Section 165 of the Surface Transportation Assistance Act of 1982 (commonly called the Buy America Act) is a section of the larger STAA that deals with purchases related to rail or road transportation. Unlike the similarly titled Buy American Act (1933), the Buy America Act applies only to purchases related to rail or road transportation, such as the construction of highways, railways, or rapid transit systems.
The 1982 provisions also apply to purchases made by third-party agencies, using funds granted by agencies within the United States Department of Transportation.

Transportation infrastructure projects built with iron, steel, and manufactured products must purchase materials in the United States. This applies to mass-transit related procurements valued over $150,000 and funded at least in part by federal grants. This includes highways, bridges, airports and tunnels.

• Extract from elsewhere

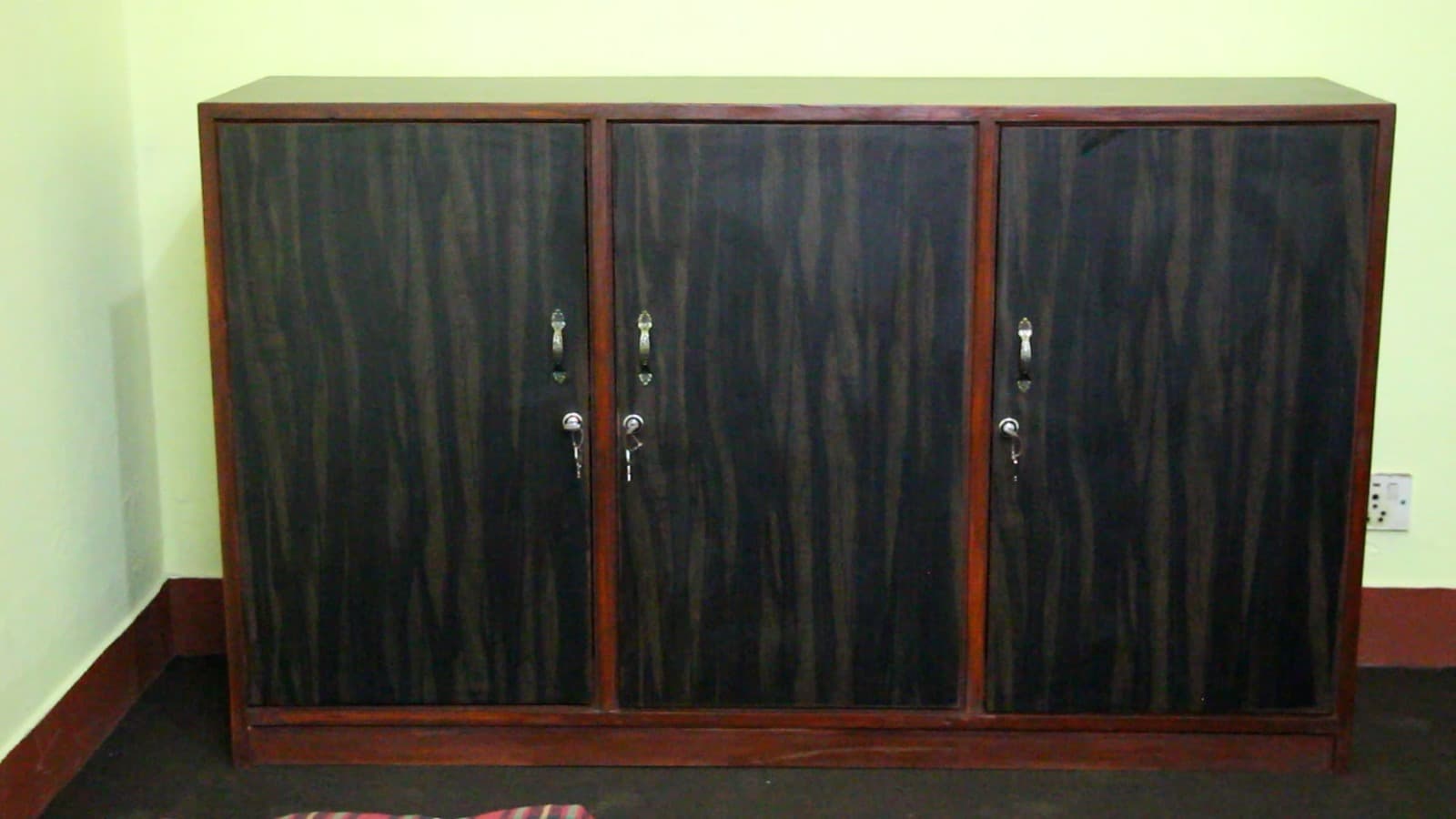 Dedicated Individual Steel Lockers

Canadian manufacturers, as joint signatories to NAFTA (and its successor, the USMCA) as well as the World Trade Organization's Agreement on Government Procurement (GPA), are often eligible to be considered equivalent to US manufacturers, though NAFTA excluded highway and transit grants from its coverage, and while the GPA agreement obliges the governments of 37 US states to treat Canadian products as equivalent to US products, the GPA also excludes highway and transit grants that are Federally funded.

The Buy America rules are occasionally amended by the Federal Transit Administration and the Federal Highway Administration.

According to the Associated General Contractors of Washington, elements of the American Recovery and Reinvestment Act of 2009 conflicted with the Buy America provisions of the Surface Transportation Assistance Act of 1982, although the legislation specified that the existing Buy America requirements would extend to ARRA-funded highway and transit projects.